There are many causes of chest pain that can be referred to as musculoskeletal. They can be separated into isolated musculoskeletal chest pain syndromes (table 1) and systemic disorders, the latter associated with either rheumatic or nonrheumatic diseases (table 2). The major causes of musculoskeletal chest pain are presented separately. (See "Major causes of musculoskeletal chest pain".)
Musculoskeletal chest pain must be differentiated from chest pain due to potentially life-threatening disorders such as myocardial ischemia or infarction, pulmonary embolism, aortic dissection, or pneumothorax. The diagnostic approach to a patient with chest pain and the differential diagnosis of chest pain are presented separately. (See "Diagnostic approach to chest pain in adults" and "Differential diagnosis of chest pain in adults".)

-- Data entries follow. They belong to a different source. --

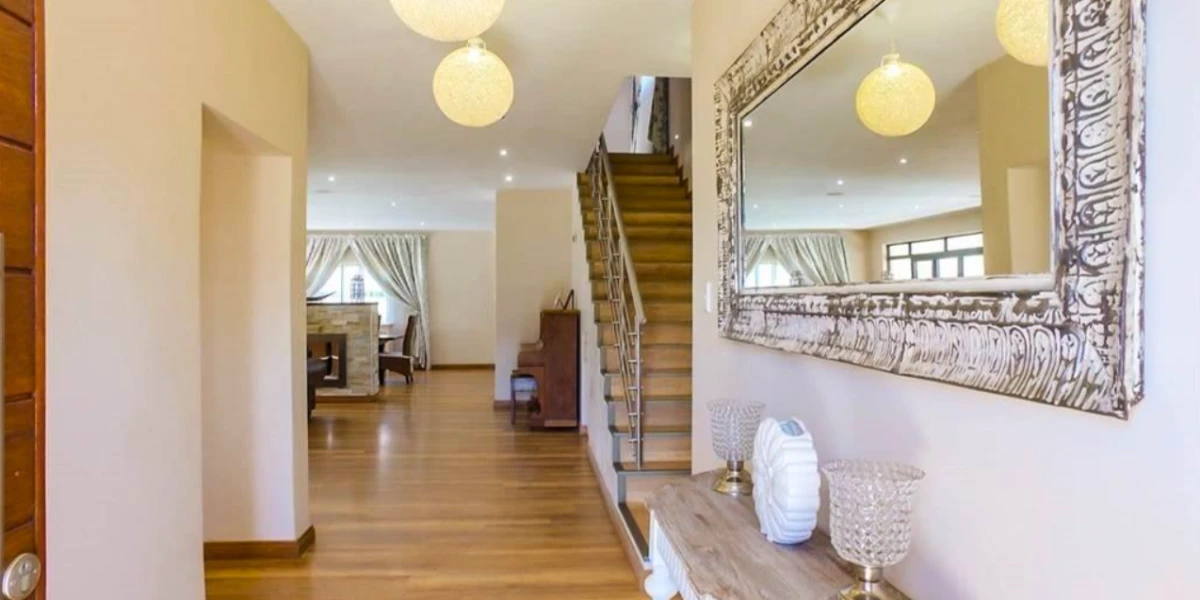 Luxury home in Serengeti Estate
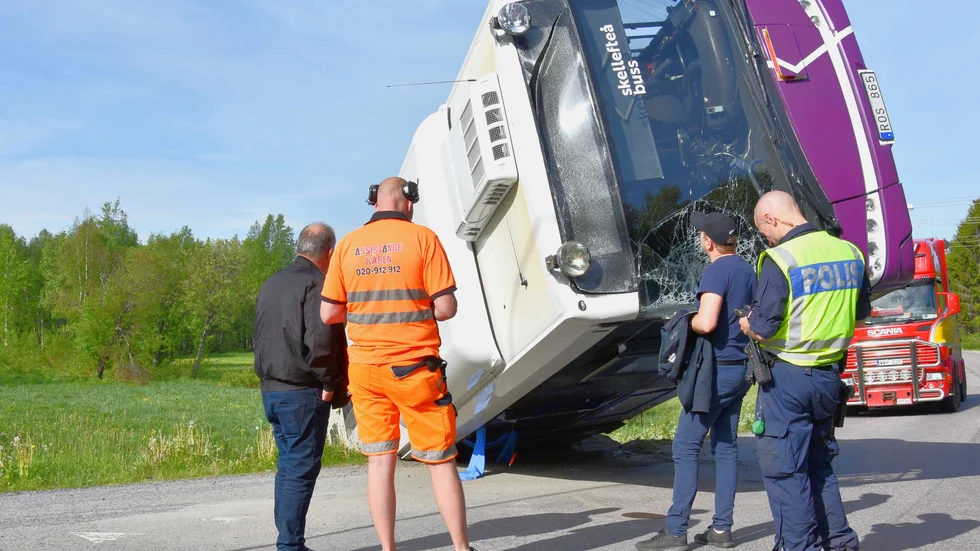 Det är oklart varför bussen körde av vägen. Polisen vill inte gå ut med vad chauffören har sagt i förhör. Foto: Jonas Nilsson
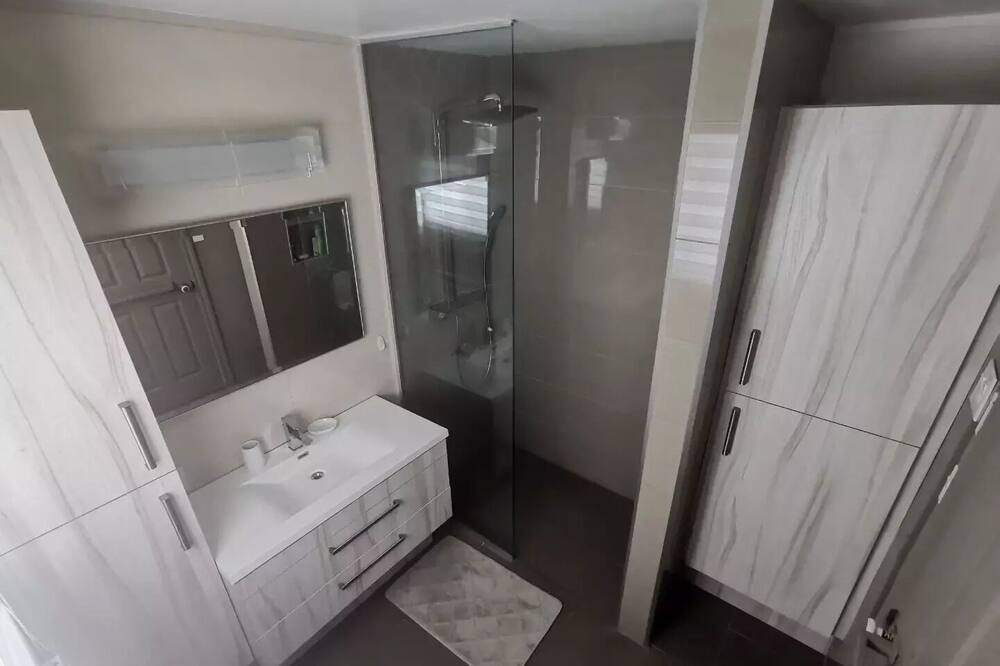 Photo of Bathroom in Notre-Dame-de-la-Merci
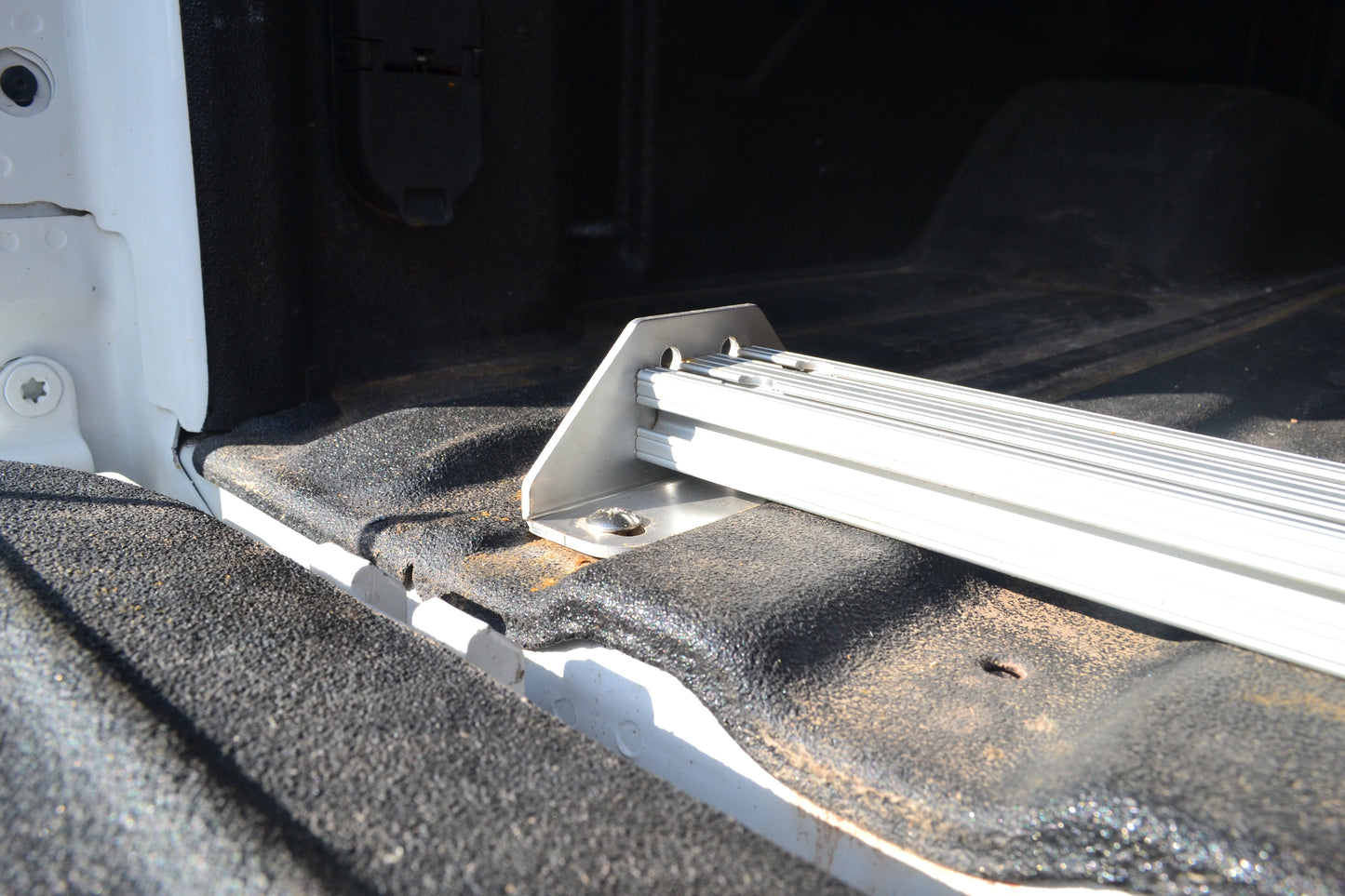 Pickup Bed Universal Mounting Brackets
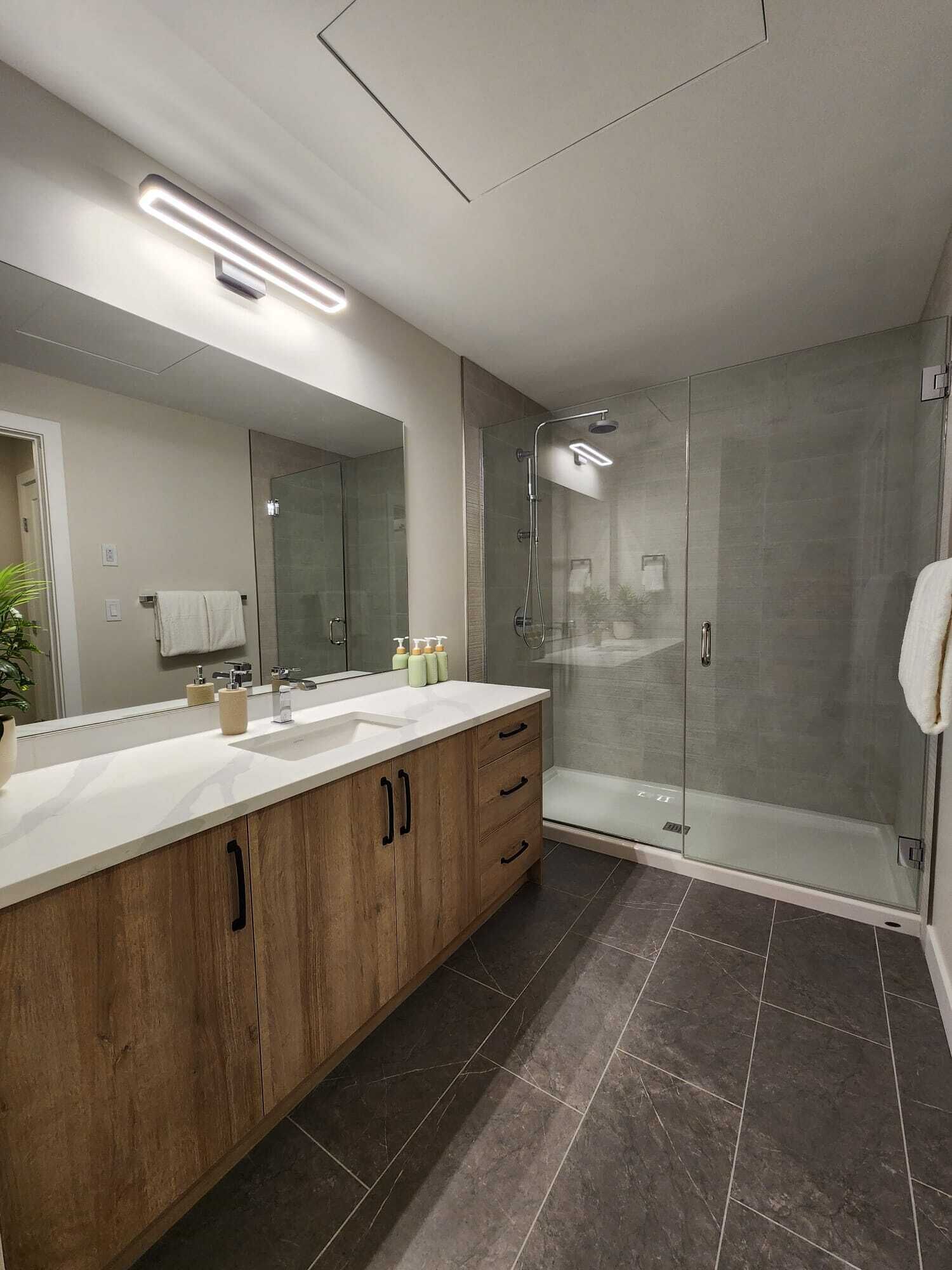 Douche, serviettes fournies
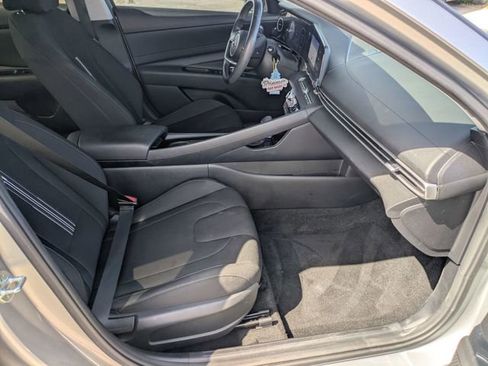 Used 2023 Hyundai Elantra SEL w/ Convenience Package FWD image 26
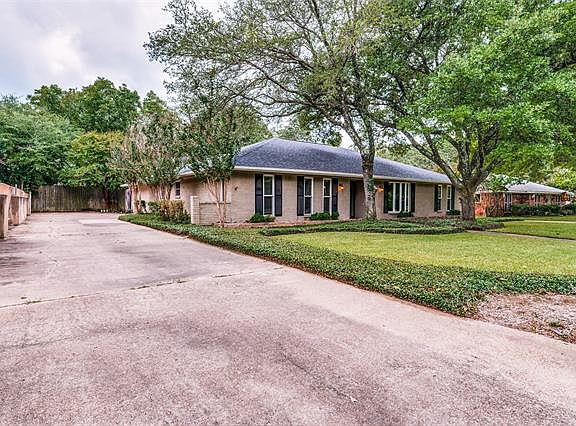 5th image of 4402 Woodridge Dr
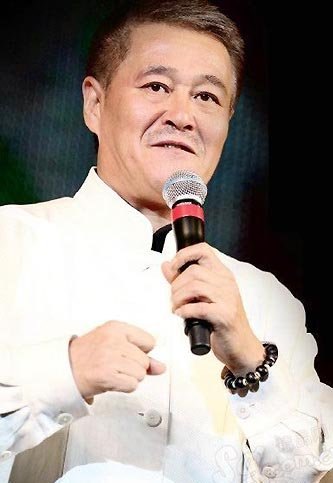 娱乐圈的“终结者”和“变形金刚”(组图)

Therapeutic interventions for musculoskeletal disorders affecting the chest are generally similar to those for musculoskeletal pain elsewhere in the body. However, in the case of chest pain, a common patient concern, stated or unstated, is that the pain is due to heart disease, and this concern must be addressed as well. In this regard, the physical examination itself, particularly the examiner's ability to reproduce or exacerbate the chest pain by palpation or with various maneuvers, helps the patient understand the noncardiac nature of the problem. (See "Clinical evaluation of musculoskeletal chest pain".)
CAUSES OF MUSCULOSKELETAL CHEST PAIN
As mentioned in the introduction, there are many local and systemic diseases and disorders that cause musculoskeletal chest pain (table 1 and table 2). These causes are discussed in more detail elsewhere (see "Major causes of musculoskeletal chest pain"). A brief summary of some selected causes follows:
●Costochondritis and Tietze's syndrome are both associated with tenderness of one or more of the costochondral joints. Although there is some controversy over whether these two disorders are truly distinct, in this discussion the term Tietze's syndrome is used for the combination of pain, tenderness and swelling, while costochondritis is used when swelling is absent.